The Saturdays came and went, and Brandon Ross was stuck on the sideline, watching his teammates grind, wondering when that hamstring would finally heal so he could join them on the field.
When his time finally came, Ross had a solid collegiate debut Saturday against West Virginia, though it only made the Maryland backfield more crowded. The true freshman wound up with 20 carries for just 52 yards, a paltry 2.6 yards per carry, but impressed Coach Randy Edsall with a dazzling variety of spin moves that left Mountaineers defenders lunging at air.
“Brandon made some really nice runs,” Edsall said. “A couple of times we thought he could have read it a little differently, but that’s his first college game. I thought he did some good things, some things he has to work on.”
The projected starter through the preseason, Ross instead sat out Maryland’s first three games. He aimed to return against Connecticut, but didn’t practice with the first team the entire week. Leading up to Maryland’s trip to Mountaineer Field, the Terps rotated Ross with Justus Pickett, Albert Reid and Wes Brown during practice. All four were listed as co-starters. No hints were given as to who would start, even to the running backs themselves.
“We really didn’t know who was going to start until later in the week because we all had to show coach what he wanted to see,” said Ross, who found out Thursday he would start. “It was good to get the nod. I felt good out there.”

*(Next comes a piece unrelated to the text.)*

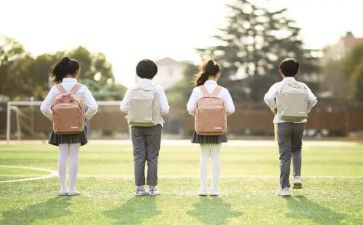 调大学生调查报告推荐8篇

Ross, with a self-described “north-south kind of element,” didn’t have a carry longer than nine yards. His most productive series came in the third quarter, when he had rushes of seven, six, five and five yards, picking up two first downs in the process.
“I’m also the kind of guy who’s going to try to make things happen when nothing’s there,” Ross said. “That’s not always a good thing, but I think that’s something I can bring to the table.”
Ross received 20 out of Maryland’s 35 carries, but the breakdown moving forward will be anyone’s guess. Reid had four carries for 20 yards including a 15-yard burst. Wes Brown, who broke out against Connecticut, got just two carries, and Justus Pickett, the team’s leading rusher before Brown’s 74-yard effort versus the Huskies, only had four catches on third-down packages.
“Albert went in and was productive, Justus made some good plays when he was in there on third down,” Edsall said. “Wes got in there a little bit. We saw that kind of rotation, and that helps us. For his first college game, I thought Brandon did a nice job. A lot of things to work on, and he’ll get better.”
Ross was a little more critical, citing necessary improvement in his pass protection and having “left some yards on the field.” But with all four running backs at last healthy, the Terps can begin hammering out a consistent rotation within the backfield.
“I especially liked the way in the second half when we were able to pick up first downs,” Ross said. “I thought we controlled time of possession. Thing is, we didn’t capitalize on it. That’s what hurt us. I definitely think the run game has improved a lot.”